[Supplied material]
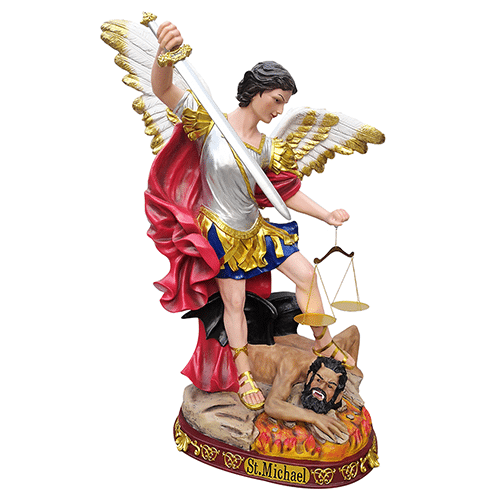 Saint Michael 24” Statue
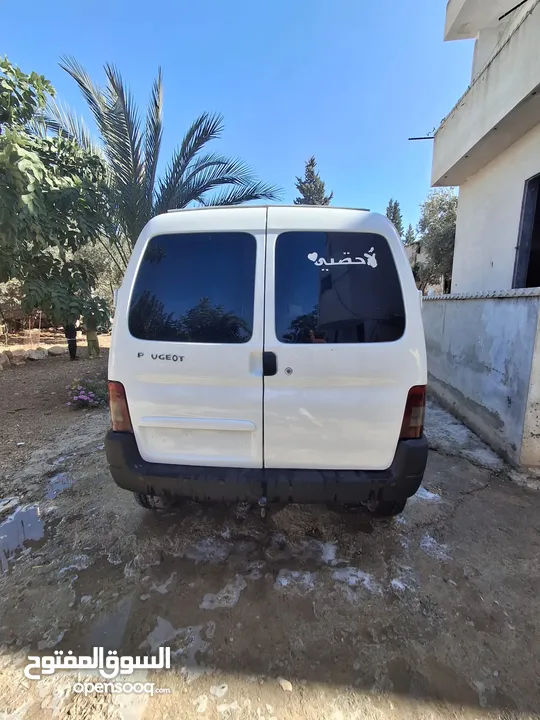 بيجو بارتنر 2008 جير عادي ديزل تيربو 1600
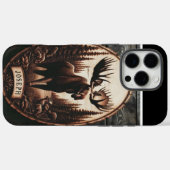 Coques Case-Mate iPhone Joseph's Moose Wood Carving (Verso (horizontal))
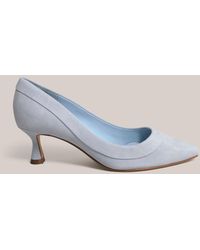Hobbs - Faye Suede Courts - Lyst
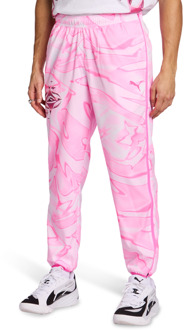 PUMA Lafrance Broeken Heren - Roze - Maat XL - Poly Woven Pink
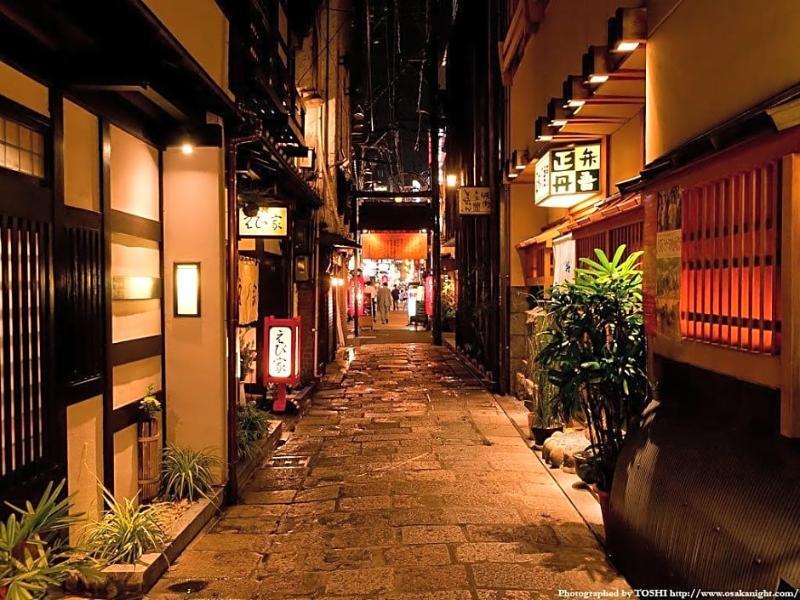 Cafe&Hostel Kimi To Ichigo Osaka Exteriör bild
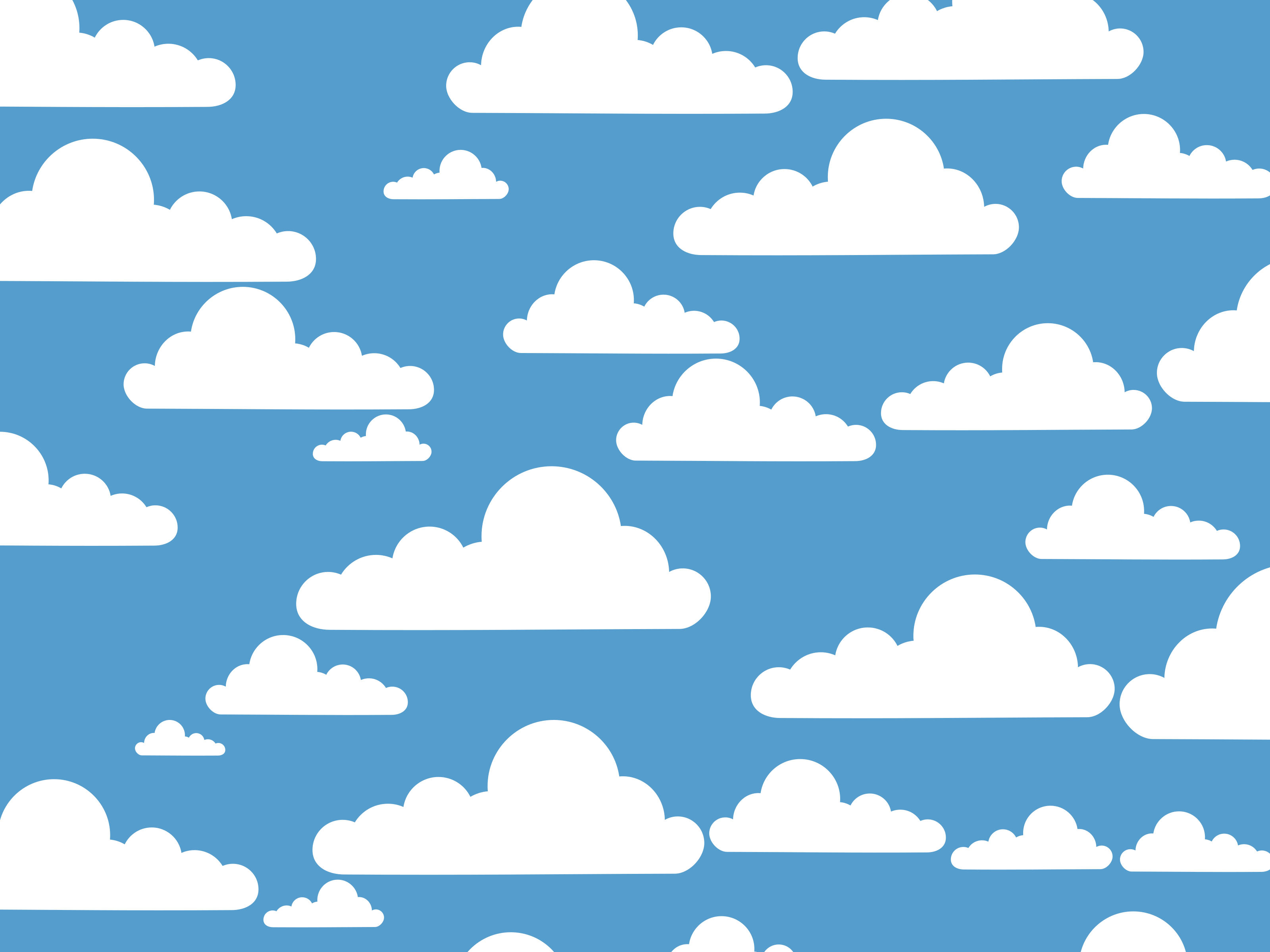 Clipart - Simple Clouds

[The problem] A precise repetition of every entry, free of pictures, is the expected answer.

[Answer section]
 Saint Michael 24” Statue
 بيجو بارتنر 2008 جير عادي ديزل تيربو 1600
 Coques Case-Mate iPhone Joseph's Moose Wood Carving (Verso (horizontal))
Hobbs - Faye Suede Courts - Lyst
 PUMA Lafrance Broeken Heren - Roze - Maat XL - Poly Woven Pink
 Cafe&Hostel Kimi To Ichigo Osaka Exteriör bild
 Clipart - Simple Clouds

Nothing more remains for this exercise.